In cyber, just like in other fields, what affects you might be able to affect your colleague tomorrow. And vice versa, of course.
And so, says Innocent Muhizi, it is crucial for countries to work together regionally against the cyber attackers who are now employing high-end tools and technologies to strike their victims, not just infrastructure and services, but even children studying online.
The CEO of the Rwanda Information Society Authority (RISA), made the comments in a speech Thursday at the first-ever CybertechLive Africa online conference.
Muhizi is a prominent figure in the Central African country's cyber sector. He held positions in both the private and public sectors, including in the banking and IT fields, before taking the helm of the RISA, an ICT Ministry-affiliated institution that carries out projects for digitizing services nationwide. Established in 2017, the RISA is playing an important role in the country's development as ICT serves as a key driver for Rwanda's socioeconomic development as well as its transformation into a knowledge-based society.
In his speech, Muhizi pointed out that cybersecurity is a multibillion-dollar market that is only projected to grow, not only in East Africa and the Middle East. Considering the trends and the number of breaches taking place across the region, the CEO said, we can only anticipate a growth of these issues and challenges, which calls for participation in a joint effort to combat them.
"So in terms of collaboration it will require different countries to collaborate on a number of levels, because no single country or organization can be able to say that you can handle cybersecurity on your own. You need to collaborate across the region. Because if you have partnerships, you can only be as secure as your partner is secure in terms of how well they are protected, how well they put checks and balances in place," the RISA chief said.
First of all, according to Muhizi, it is necessary to collaborate on legal instruments that provide guidance or are employed to handle the various cybersecurity challenges. Second, there must be collaboration on deployment of the required infrastructure. "Right now our children are studying online, right now businesses are conducted online, our government is offering online services, and what have you. So it is going to require different sets of technical infrastructure that will enable us to counter the threats as we encounter them."
In addition, it is necessary to collaborate on capacity building and knowledge sharing, he said. "What affects me might be able to affect my neighbor tomorrow. Therefore we need to share and learn from each other in a way that is going to make sure that we are all secure, because if we don't then it is going to create a bigger problem for us." And finally, there must be collaboration in terms of the organizational institutions that take the lead on these issues so those entities work together and share what they learn, the CEO said.

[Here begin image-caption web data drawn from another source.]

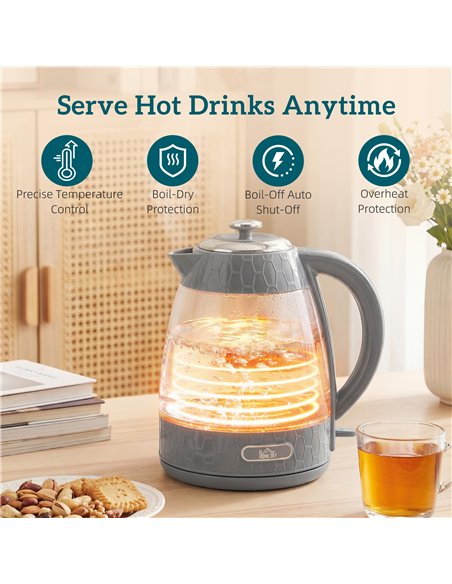 HOMCOM Kettle and Toaster Set, 1.7L 3000W Rapid Kettle with Limescale Filter, 2 Slice Toaster with 7 Browning Controls, Grey - pic 192995 | FastDaddyshop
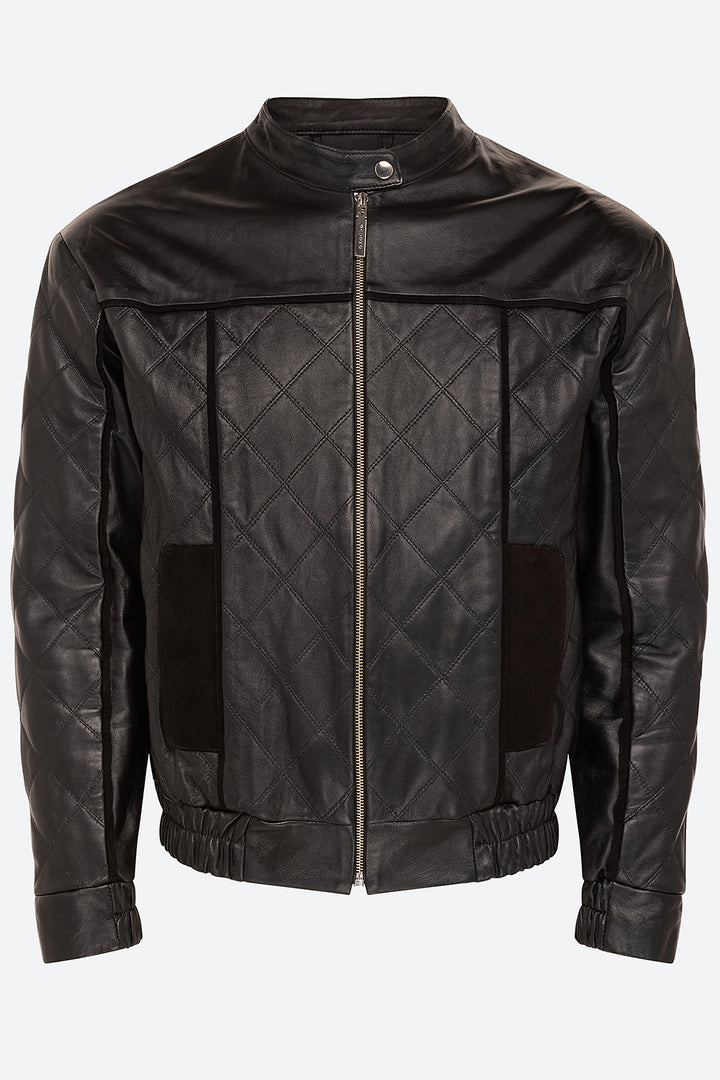 Saturnino Quilted Sheepskin Bomber Jacket in Black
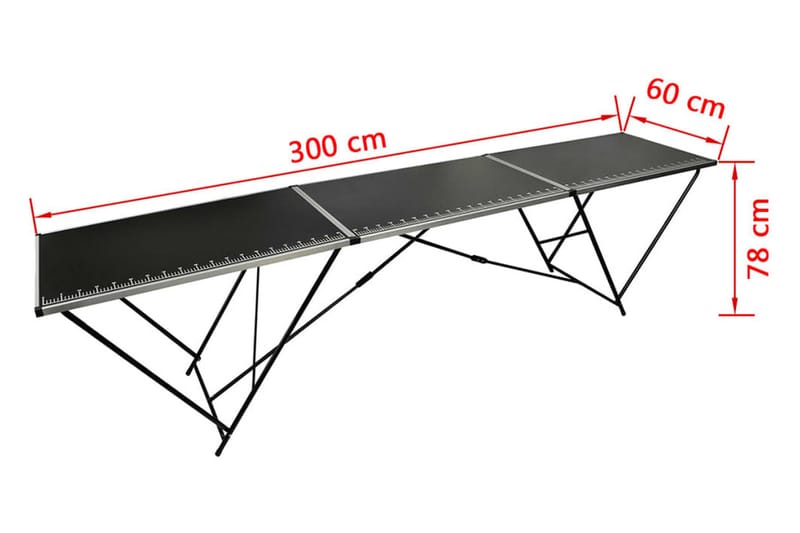 klapbord til tapetsering MDF og aluminium 300x60x78 cm - Sort - Boligtilbehør - Vægdekoration - Tapeter - Tilbehør til tapet - Tapetbord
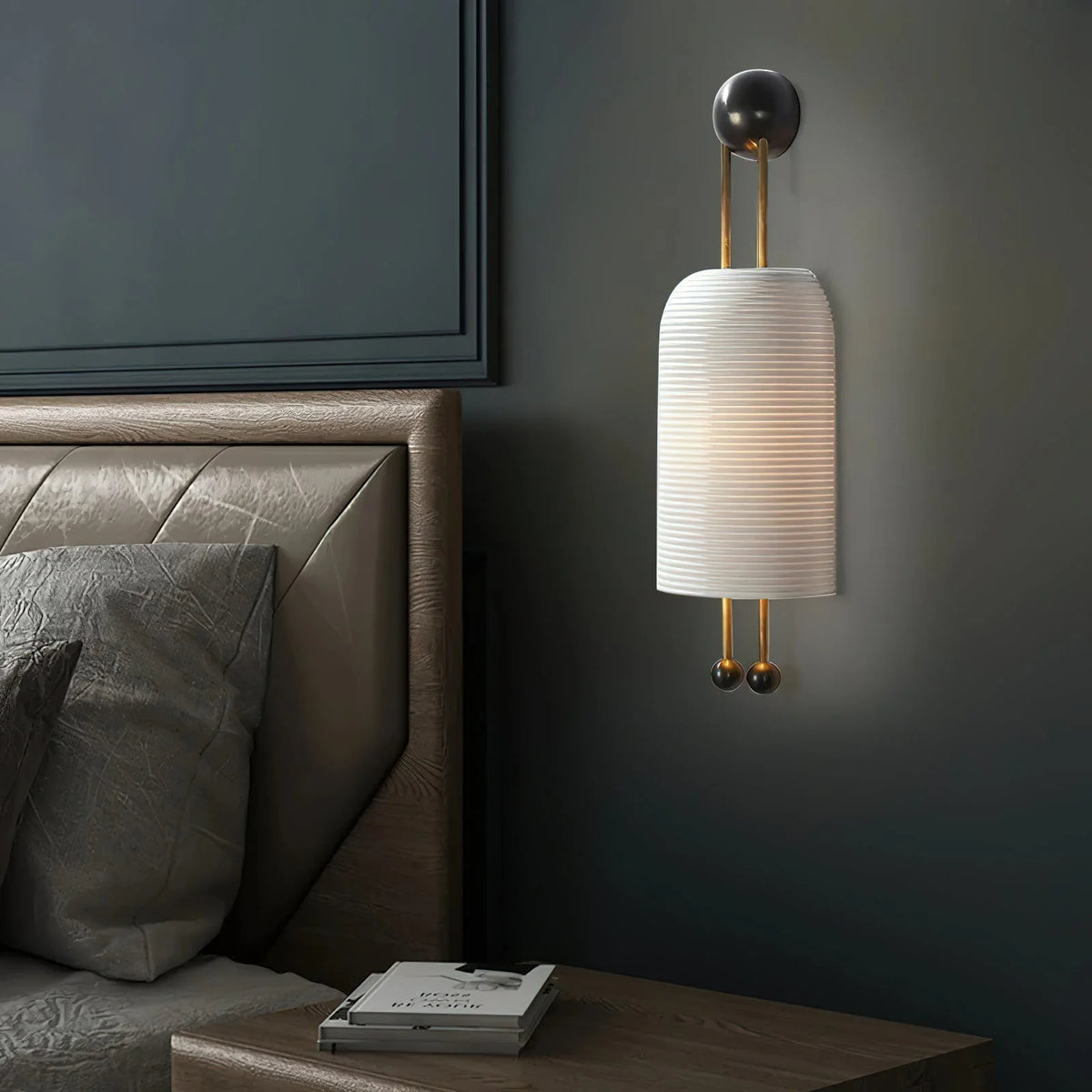 Wall Sconce | Iron Body & Glass Shade | 25 x 65 cm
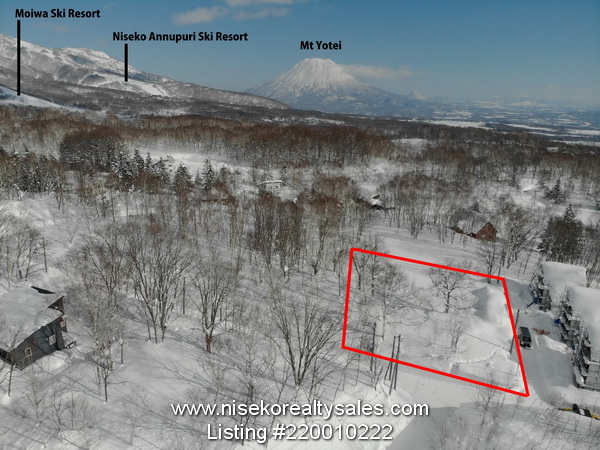 Doctors Village Land for sale next to underconstruction condominium development. Looking in an easterly direction towards Mt Yotei and Niseko Ski Resorts.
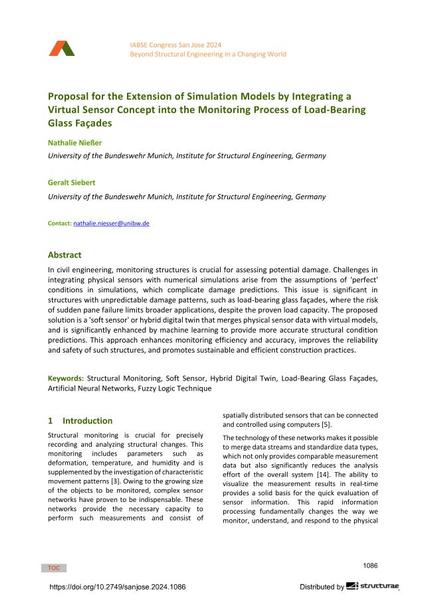  Proposal for the Extension of Simulation Models by Integrating a Virtual Sensor Concept into the Monitoring Process of Load-Bearing Glass Façades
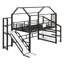 Lit mezzanine en métal avec glissières, escaliers et tablettes de rangement-1115261650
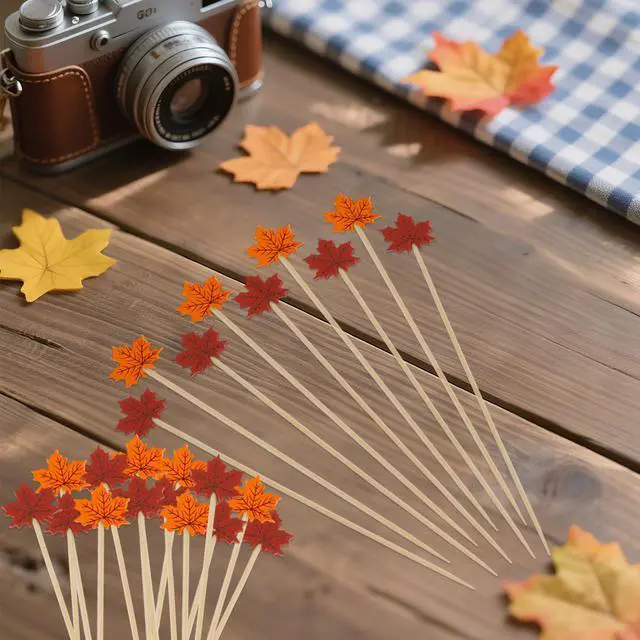 Alt view image 3 of 7 - Fall Thanksgiving Cocktail Picks, 200 Pcs Maple Leaves Cocktail Toothpicks, Fancy Bamboo Toothpicks Skewers for Appetizers Charcuterie Food Fruit Drinks AutumnThanksgiving Themed Party Decor Supplies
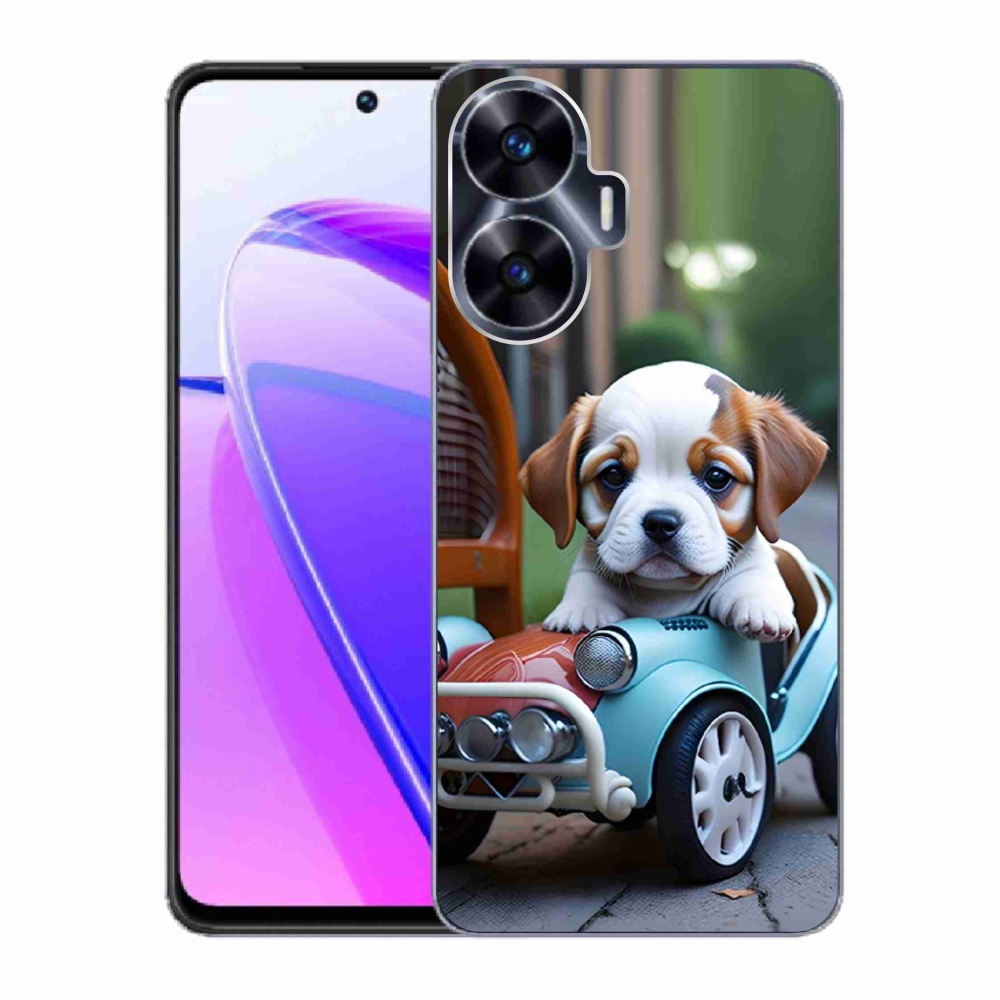 Gélový kryt mmCase na Realme C55 - šteňa v retro aute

According to the RISA chief, a number of instruments must be put in place to handle the cybersecurity issues. First, all the countries must have a cyber strategy, and this has to be supported by numerous tools, starting with the aforementioned legal instruments, as well as organizational security operations centers that will need to be very resilient.
In terms of capacity building, Muhizi said it is required to build institutions or develop programs that are geared towards handling the pervasiveness of the cybersecurity breaches because the attackers are employing very high-end tools and technologies. "Actually they have started to apply artificial intelligence and other machine learning tools and what have you, in order to be able to gain a deeper insight and ability to perpetrate these threats and breaches. Therefore we equally have to do the same."
The other critical element in this regard is to inform different constituencies how to mitigate cybersecurity issues, he said.